Pregunta

I am working on an a data collector which could be called an API of some sorts, which is based on .Net Core 2.1 . It's job is to receive and pull (ask for) data from data collectors(executable, DLL,service), those can be in any language, but in this case let's stick with C++.

Collector (API) has to be platform independent, hence .NET Core (this is not going to change), while data collectors can be written in any language, run in any way they see fit, be platform dependant, but not limited to how many of them can send data to collector.

This is all local on same machine, possibly between different user accounts and different sessions due to security reasons.

My idea towards implementing this is to create ASP.NET Core web API which would be self hosted through kestrel locally. It's lightweight and does not require a proper server since it will never deal with outside traffic. Can run on Windows, Linux and Mac. Transport between collector and data collectors would be web/http based, which is available from pretty much any language and something that majority of developers known how to maintain.

But is it an overkill? Just to pass messages between processes on same machine, are there any alternatives? I come primary from web development background, so this is quite new to me.

In short, I need a Collector C, receive and ask for data from Data Collectors D. This can be through events, subscriptions, message passing, D calling C with data, C processes it. C calls D to ask if there is any data. D calls C with data (can be new call triggered by asking for data). C is platform independent, D can be platform dependant, but must be able to communicate with C. There can be many D, in C++, Java, C#, running in Windows, Linux, Mac. Collector C is alone, always same, can only receive and ask for data and is platform independent.

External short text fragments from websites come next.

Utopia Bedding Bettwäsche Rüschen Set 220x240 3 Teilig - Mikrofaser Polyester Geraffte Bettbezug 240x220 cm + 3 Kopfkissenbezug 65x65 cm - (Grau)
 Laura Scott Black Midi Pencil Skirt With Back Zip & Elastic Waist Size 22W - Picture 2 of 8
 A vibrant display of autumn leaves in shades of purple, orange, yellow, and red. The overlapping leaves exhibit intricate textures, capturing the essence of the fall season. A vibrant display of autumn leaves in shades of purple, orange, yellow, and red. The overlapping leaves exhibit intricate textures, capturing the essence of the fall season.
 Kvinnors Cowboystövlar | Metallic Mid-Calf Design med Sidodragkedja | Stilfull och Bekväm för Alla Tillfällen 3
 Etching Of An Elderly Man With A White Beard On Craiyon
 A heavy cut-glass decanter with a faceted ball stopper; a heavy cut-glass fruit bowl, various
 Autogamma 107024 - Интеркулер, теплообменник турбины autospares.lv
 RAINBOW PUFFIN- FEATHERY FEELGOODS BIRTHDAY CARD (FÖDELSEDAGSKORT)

Are there any messaging frameworks apart from http that can be used to implement this?

¿Fue útil?

Solución

Consider using a message queue (e.g. RabbitMQ). It will provide the following benefits:

  1. A robust message transport. Order of delivery is guaranteed if all messanging is performed in the same queue. Messages are removed from the queue only after they have been fully processed and acknowledged by the consumer app.
  2. Possibility to separate your modules over different machines. E.g. a docker container per module.
  3. If one module goes down, the messages in it's input queue will be persisted for a long period of time (until the queue runs out of the limit of waiting messages). After coming back up again, the module will consume all the message history that it missed.
  4. Backpressure out of the box: if messages come in bursts, sometimes faster then you process them, the message queue will provide a buffer which will not slow down the producer and will not cause consumer to overrun.
  5. Potentially language- and platform-agnostic solution. Just implement the logic of consuming and producing messages of your module for the platform (and also serialization and deserialization, as Sean Burton has mentioned) - and you're good to go.

The downside of it is that you would have another technology in your stack.

Otros consejos

But is it an overkill?

No, it's not necessarily overkill. If you want to transmit data between processes in a portable manner then you definitely should be using a well-defined API and serialisation method. A web interface that uses JSON serialisation is certainly one way of doing this. There are other options, such as using binary serialisation (Protocol Buffers, for example) and transmitting over TCP. Which of these is best for you depends on your requirements, for example a binary protocol is likely to be faster and more efficient (less bytes transferred), so you might want to consider that if you need very high performance.

You could consider using SignalR for asp.net core. It's designed for real time communication via RPC calls. It's not just for web apps.

Create a hub to act as the host and coordinator of calls and several clients that collect the data. It can do everything you mentioned in the last paragraph.